Евгений Анисимов - Петр Великий: личность и реформы
Поручик Тимофеев действовал согласно правительственным решениям о ликвидации нищенства и бродяжничества. 3 июня 1724 года был подготовлен указ о грандиозной полицейской акции по учету и переписи нищих всей страны. Акцию предполагалось провести в один день – 1 октября – во всех местах, «где есть старые, больные и увечные нищие и сироты, как мужеска, так и женска полу, которые были в богадельнях и в гошпиталях, и сверх тех, которые явятся такие ж больные и увечные, которые работами пропитать себя не могут, а ни к кому не приписаны, и в подушной оклад не положены». А чтобы эта акция не стала заранее известна в народе, до 1 октября вскрывать конверт с указом губернаторам и воеводам категорически запрещалось, а по вскрытии «переписывать бы начали все вдруг того ж дня, как распечатают». Государство, как видим, успешно исполняло предписание регламента Главного магистрата: «полиция… призирает нищих, бедных, больных, увечных и прочих неимущих, защищает вдовиц, сирых и чужестранных по заповедям Божиим».
В целом «вольные и гулящие» рассматривались как инородное тело в общественном организме, представляющее социальную опасность.
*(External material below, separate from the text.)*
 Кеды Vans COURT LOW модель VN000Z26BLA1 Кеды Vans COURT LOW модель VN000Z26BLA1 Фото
При освидетельствовании церковников от ревизоров требовалось «всемерно смотреть, чтоб из них гулящих и подлогом отнюдь нигде не было… Понеже от таковых, которые шатаются без служеб государственной пользы надеятися немочно, но токмо умножается воровство». Здесь и заключено то главное, ради чего был устроен «перебор людишек» при Петре, – приложить к каждому человеку критерий государственной пользы и в соответствии с ним оценивать человека, меняя при необходимости его статус.
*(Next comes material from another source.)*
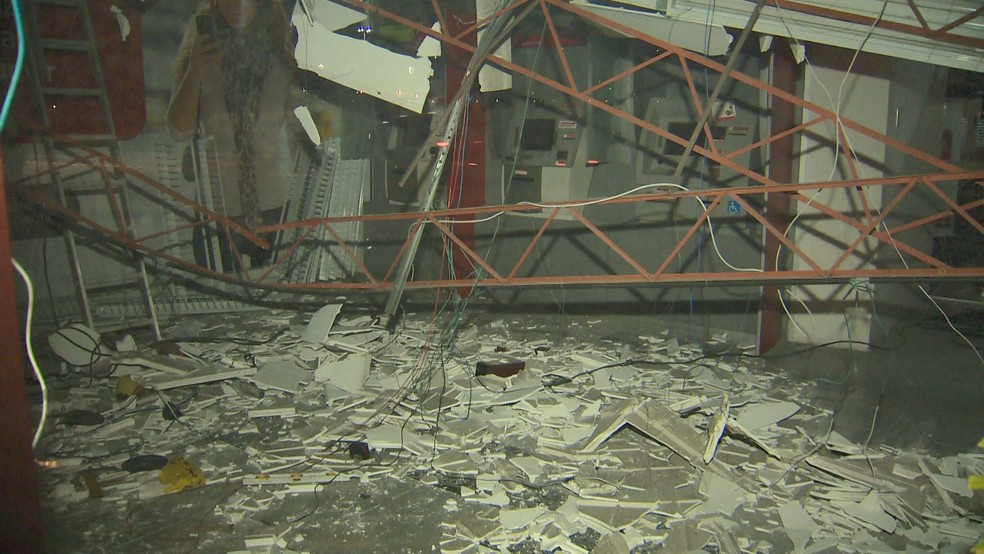 Acidente aconteceu em Vitória (Foto: Manoel Neto/ TV Gazeta)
Борьба с «вольными и гулящими» стала частью целой системы борьбы с бегством. Естественно, что эта борьба имела давние традиции еще в допетровский период. Но мы опять не можем не отметить многих количественных и качественных перемен, происшедших в ходе реформ и в связи с ними. Суть перемен состояла не только в усилении практических мер по борьбе с побегами, но в изменении подхода законодателя к оценке этого распространенного социального явления. Как писала Е. И. Заозерская, «под бегством стали подразумевать вообще уход без разрешения всех тех, кто находился в тягле или крепостной зависимости, а в таком положении была вся масса крестьянства и посадского населения, особенно со времени введения подушного обложения. Так как подобный уход, по мере его роста, задевал фискальные интересы феодального государства и интересы господствующего класса, он все более инкриминировался, что и выражалось самим названием „бегство“, „беглый“, то есть нарушитель порядка. Сами же виновные лица обычно называли акт ухода словами „сшол“, „сошел“, „ушел“». Как отмечает исследователь, эти термины как бы подчеркивали момент передвижения крестьянина без того одиозного характера, которое придавалось термину «беглый», «бежал» и т. д.
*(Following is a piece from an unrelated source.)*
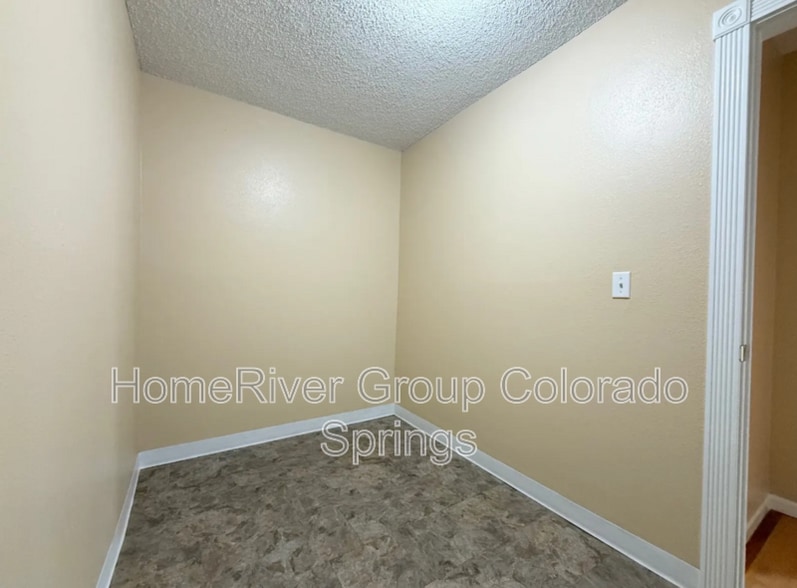 Building Photo - 6590 Delmonico Dr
Столь расширительное толкование бегства отражало новое направление политики, ставшее преобладающим во времена оформления «регулярного» государства Петра, точнее – с начала податной реформы, подушной переписи и ревизии, использованных, как мы видели, для наведения нового социального порядка в стране, в том числе и для борьбы с бегством.
Здесь выделим самый важный момент. В XVII – начале XVIII века борьба с бегством велась с помощью отправки в места расселения беглых специальных экспедиций так называемых «сыщиков» (вспомним, с чего началось восстание Булавина), которые, прибыв в определенный район, вылавливали беглых, преимущественно владельческих, крестьян и отправляли их на прежнее место жительства. Подчас сами владельцы беглых крестьян были вынуждены заниматься сыском и, найдя, подавать властям челобитные с требованием содействовать возвращению беглых. В годы Северной войны правительство не имело возможности уделять этому много внимания. Кроме того, потребность в рабочих руках на заводах, стройках, в армии и на флоте приводила к тому, что власти смотрели на бегство сквозь пальцы. Тем выразительнее кажутся перемены в политике правительства Петра начиная с 1721 года, когда был издан ряд законов, ужесточивших борьбу с бегством по сравнению с предшествующим периодом. Особенно важен закон от 1 февраля 1721 года, разработанный при активном участии самого царя. Им устанавливался четкий срок для вывоза всех беглых: полтора года с момента опубликования указа. Был резко расширен контингент тех, кого считали беглыми, – к их числу были отнесены зятья беглых, даже если сами по себе они ниоткуда не бежали и жили отдельно от тестя. Этой нормы, кстати, не знало право XVII века. Указ вдвое увеличивал штраф за невывоз беглых в срок и вводил телесные наказания и ссылку на галеры старост и приказчиков, виновных в утайке беглых.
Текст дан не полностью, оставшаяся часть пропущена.